O Estado brasileiro perdeu o controle sobre as facções criminosas, e a situação no Ceará parece ser a expressão mais contundente dessa falência institucional. Em Fortaleza, empresas de internet são expulsas de bairros por facções que, além de agredir trabalhadores e queimar veículos, assumem o controle do fornecimento do serviço. A situação chegou a tal ponto que uma das maiores empresas do Estado opera com carros descaracterizados e funcionários sem uniforme para evitar ataques.

Mas o absurdo atingiu um novo patamar em Santana do Acaraú, município a 228 km da capital, onde a prefeitura passou a ser alvo direto de ameaças de uma facção criminosa. O canal da ouvidoria - destinado a ouvir reclamações da população - foi usado para enviar mensagens exigindo o afastamento de supostos membros do Comando Vermelho (CV) contratados pela gestão municipal. Em tom ameaçador, os criminosos alertam:

“Se a Prefeitura continuar dando trampo para vermelho, a gente vai tocar o terror na cidade”.

Mensagens que chegaram ao canal de comunicação da Ouvidoria do município - Foto: Reprodução

A denúncia foi formalizada junto à Polícia Civil e ao Ministério Público, que abriu investigação. No entanto, até agora, nenhum responsável pelas ameaças foi identificado ou preso. A Secretaria de Segurança Pública do Ceará se limita a dizer que apura um "crime de ameaça", sem sinal de ação efetiva diante da gravidade do caso.

A prefeitura divulgou nota tentando minimizar os fatos, alegando que as mensagens “não foram direcionadas ao prefeito ou a seus familiares”, como se isso mudasse a gravidade da situação. Enquanto isso, a cidade vive sob a sombra da coação de facções - e de suas ligações perigosas com o poder público.
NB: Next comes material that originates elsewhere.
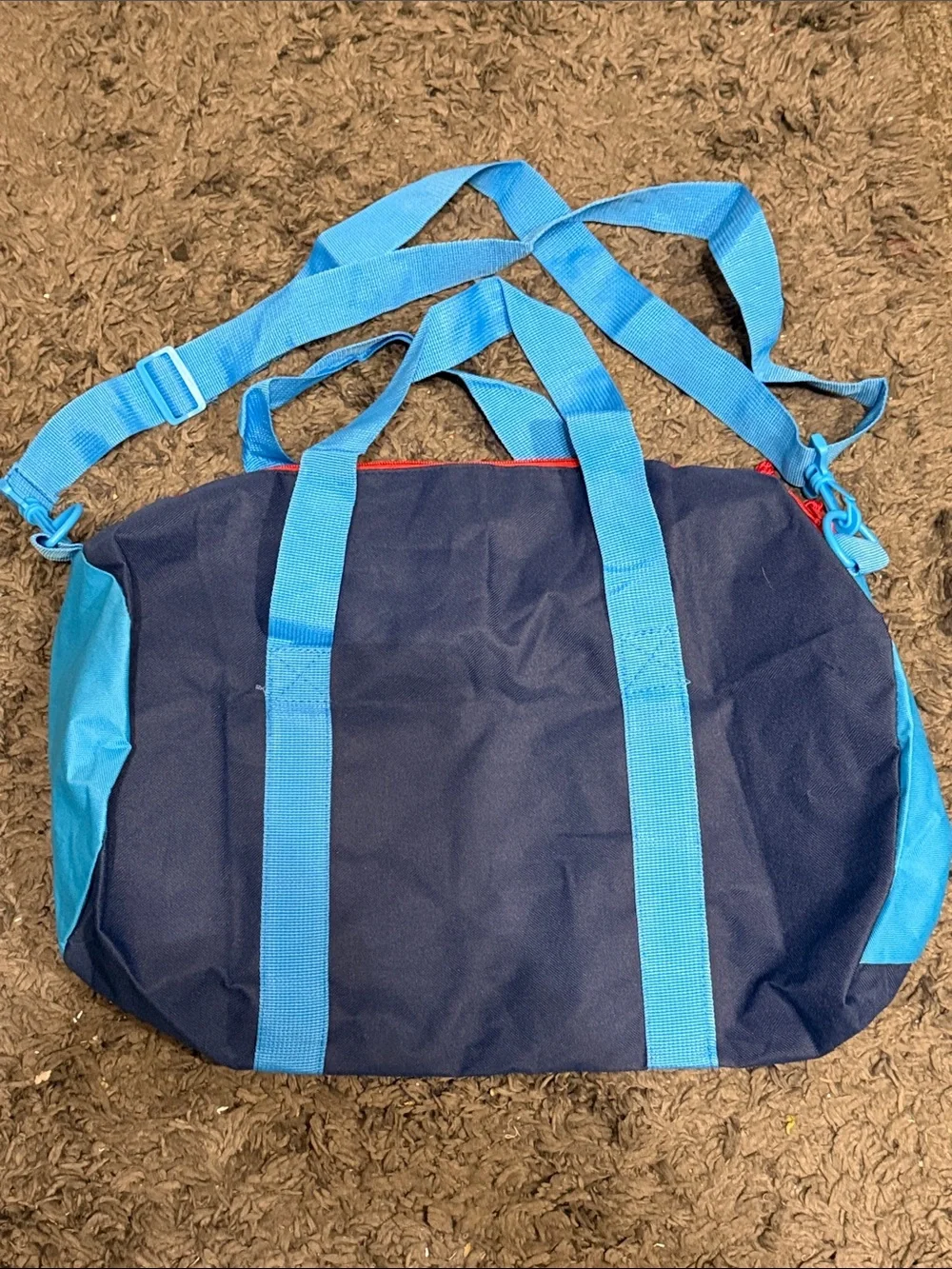 NWOT Lowes duffle bag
Aliás, o próprio prefeito Francisco das Chagas Mendes, conhecido como "Meu Deus", admitiu em entrevista de rádio, em 2024, que empregava pessoas ligadas ao CV e ao PCC. Segundo ele, a medida seria uma forma de “dar oportunidade” e conter a violência.

“Hoje estamos trabalhando com CV, com PCC… porque são humanos. Primeiro, eu não quero nem saber qual sigla”, afirmou "Meu Deus" ao vivo, acrescentando que “o bem venceu o mal”.

Após a repercussão, o prefeito alegou que foi “tirado de contexto” e que não compactua com facções - mesmo após declarar com todas as letras que emprega membros dessas organizações criminosas.

A situação expõe o ponto crítico em que chegou o Ceará - e o Brasil. Quando um prefeito declara, com naturalidade, que oferece cargos públicos a membros do crime organizado; quando facções mandam recado direto por canais oficiais exigindo exonerações; e quando o Estado se cala ou age timidamente, é sinal claro de que o poder paralelo já deixou de ser paralelo há muito tempo.

O governo federal não reconhece o domínio das facções. O governo estadual também não. Mas o crime não precisa de reconhecimento para exercer poder. Ele já reina - do Oiapoque ao Chuí.